Today has been a day where everything that could go wrong has, with the wonderful exception of our excursion to Chuck E. Cheese's to meet my dear friend Elaine and her three handsome sons (Amber and Miles are betrothed, remember?). Upon waking, I immediately fired up this not-so-trusty, old Clark desktop to print some coupons for the aforementioned outing. Adam turned off the computer last night (despite the continuous use of electricity, I'm willing to pay the price for convenient access to the Web), so I pushed the power button and went to the kitchen to fetch some breakfast. Of course, we were out of milk, because I couldn't go to the grocery store last night because my wonderful, thoughtful, helpful, and conscientious employer informed me three days after I was supposed to receive my February paycheck that they had "permanently switched" our pay day from the 15th to the 20th of each month. Yes, I love the company for which I work (can you sense the sarcasm?).
Fast forward thirty minutes, when I walk back into the office, and the computer still is not ready to go. Three programs that open at start-up are not responding (this is the joy of using someone else's computer...I can't delete the programs or change the settings) and it takes me another twelve minutes to get online. Once I make it to the Chuck E. Cheese website, the computer freezes. All the while, Amber has sharted in her panties and removed them, Rex has produced a major diaper explosion that is leaking onto my pajamas, and Karli managed to smear jam all over herself. Did I mention we all had to be clean and out the door in thirty minutes?

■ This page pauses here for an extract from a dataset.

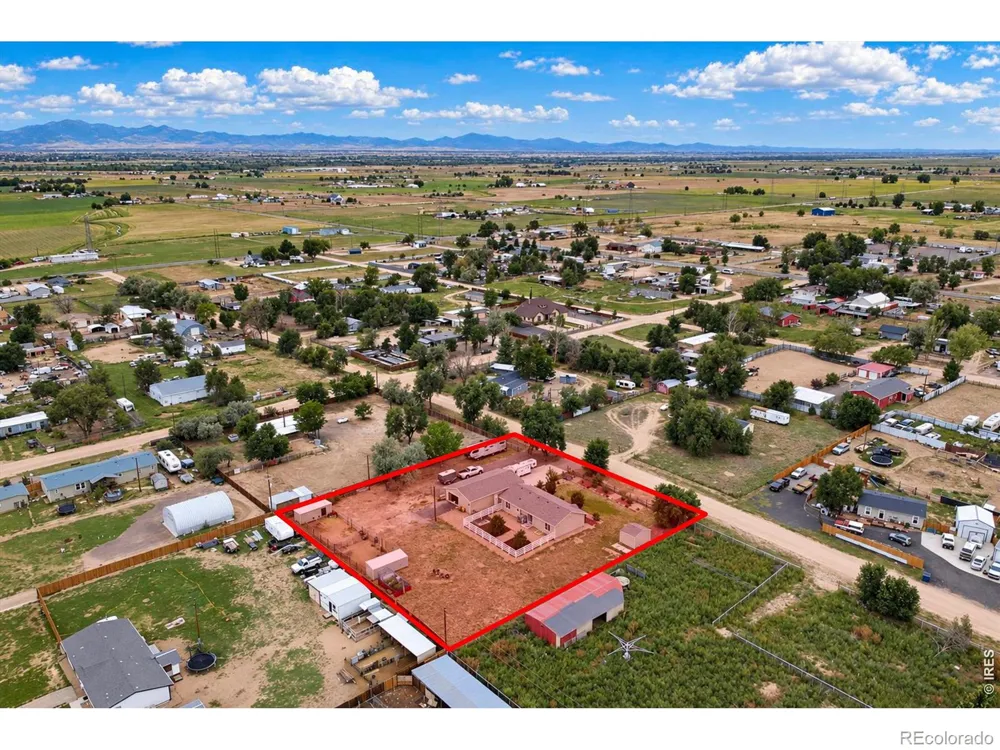 15290 Dale Avenue Fort Lupton, CO 80621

To make matters worse, I absolutely had to send a fax this morning. The fax machine was naturally not working, so I tried to fix the problem. After diagnosing that there was no dial tone, the fax machine instructed me to check the wall jack, which I would have happily done, were it not cloistered behind two massive wall units filled with files, books, kitsch, and office supplies that brought the total weight to at least half a ton. Finally I unplugged the phone, plugged in the fax machine, and was thrilled to have at least one task accomplished.
After the kids bathed and Amber cried for ten minutes because I wouldn't retrieve her clean Belle panties from an undisclosed location downstairs, I jumped in the shower, dressed, and had everyone ready to go at 9:00 a.m., right on schedule. I opened the door and was met with the screeching wail of the alarm which Adam set last night and told me about while I was semi-lucid (of course, I don't recall him saying anything about the alarm). I quickly ran upstairs to find the remote, turned off the alarm, tried to comfort three terrified and screaming children, and herded them all out to the car. I buckled them in and ran inside just to catch the phone call from the security company.
Since I was now late for work, I told them I was Leslie Clark to avoid any further delay. I said I was on my way to work, forgot the alarm was on, and opened the door. The technician said, "Great, I'm glad you're alright. What is your password, please?" Hmmm. I had no clue, so I said I couldn't remember it and that I didn't have time to go find it. I said, "I think it's Granada Hills" to which the technician said, "Okay, thank you." I hopped in the car and answered a call from Leslie, telling me the police were on the way to the house because I gave the security company the wrong password. Thank heavens I have such a great mother-in-law, because she ironed out all the problems and I was finally on my way to work.
Now that I'm all worn out from reliving my morning, I'll refrain from detailing the rest of the day's mishaps, but I will mention that Amber has yet again lost her blankie "for good" (famous last words...this time I'm serious and I'm not making any more!), she's still not asleep, and her room is a disaster because she "was just too busy in" her "room to take a nap". AAARRRGGH!